As I write it is raining again, the misty almost-can’t-see-it rain. The weather forecaster called it wet fog the other day. It’s what makes the summer here a gloriousity- when it finally comes sometime in July, when southerners are looking for escape. I look forward to rediscovering this forgotten season in my new old home, but I am mourning spring in the South. I anticipated this. I already have my ticket to North Carolina in April.


Sunday, February 10, 2013

Choosh

"And the idea of just wandering off to a cafe with a notebook and writing and seeing where that takes me for awhile is just bliss" (J.K. Rowling)

I have been doing just this for nearly a decade and a half now-sitting in a cafe with a steaming mug of coffee and writing in a journal whatever is in my gut and seeing where it takes me. I've been sharing a more thoughtful version with whoever wants to read it for almost four years. But always it is a reaching down deep into myself, usually with pretty much no knowing what I will end up with.

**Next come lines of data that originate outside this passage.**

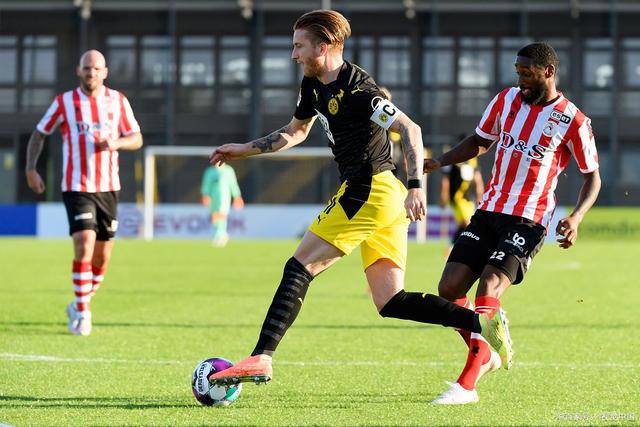 的较量证明 的较量证明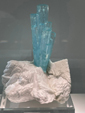 61 Editión Mineral & Gem. Saintie Marie Aux Mines. Alsace. France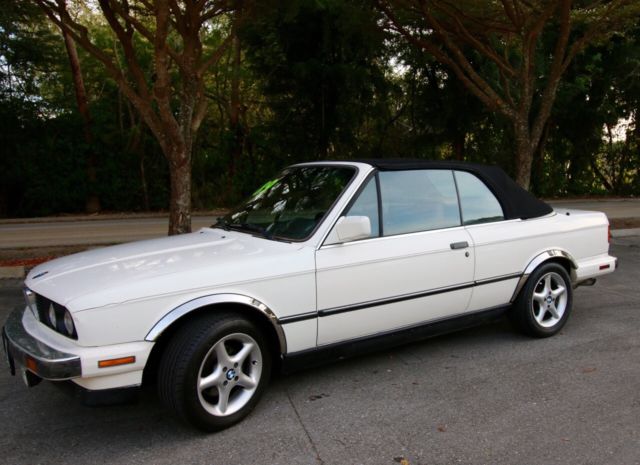 super collectible-nice car-no reserve-own acar that is not depreciating!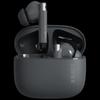 Edifier Zero Pro True Wireless Active Noise Cancelling Earbuds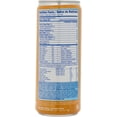 thumbnail image 2 of Supligen Peanut Meal Replacement, 9.8 oz, 2 of 2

I have a new favorite word: Choosh. And you won’t find it on Google-at least I couldn’t. It is a biblical Hebrew word meaning “sense” or “feeling.” It is onomatopoetic-which is my lifetime favorite word-capturing the sound of a rush of breath that emanates from the deep reaches of the spirit. It is a word that speaks not of rational deliberation and assessment, but of inner vision. It is what you sense, not what you know.

I’ve been thinking about that word all week. When have I experienced choosh? When have I known deep down into spirit what I should do or what I thought would happen that defied all reason and fact? Certainly when I bought my house. It was ridiculous to think I could financially manage that, and crunching the numbers bore out my doubt. And I had no evidence that I could take care of a house all by myself. Then there was the garden: it was a mess. But my choosh was that it would work out, and I was the only one standing in the way of letting it happen. I bought that house, and that garden, and in the five years they were mine my life was changed.

When I first saw Ed Jones at the University of Washington in 1973 in the dorm we both lived in, I had barely been introduced to him before choosh, I knew I would marry the skinny man from the midwest with the wildly curly hair. Three years later it was irresponsible to conceive a baby with no income other than a graduate student stipend, but choosh we did it anyway: Nicholas. People kept cautioning me not to be so certain our second baby was a girl, and it would have been okay if it weren’t, but my choosh told me that she was: Emma. Deep down sensing.

I heard about a position that might be created at Pullen Baptist Church. I had no earthly business thinking I could be a financial secretary, but deep down spirit informed me that I was to go after it; and I did, even before it was open. And Ben, who recommended I be hired, listened to his choosh too, and took a chance on me. I grew that job and grew in it for 11 years before another choosh told me it was time to leave stable employment in the midst of a recession, to pack up and sell my house in a sluggish market and move across the country.

Those have been the big evidences of choosh in my life; I’m sure there are hundreds of small ones. Or are there? How often do I close my eyes, shut out the noisy world, and ask what is in my gut? Or just know without even thinking about it? There are the two or three times I have rolled down my window at the intersection and handed a dollar to the downtrodden person holding a cardboard sign asking for God to bless me. Once I handed someone the lunch I had just bought at Subway. Why? Choosh. A rush of breath that whispered “do it.”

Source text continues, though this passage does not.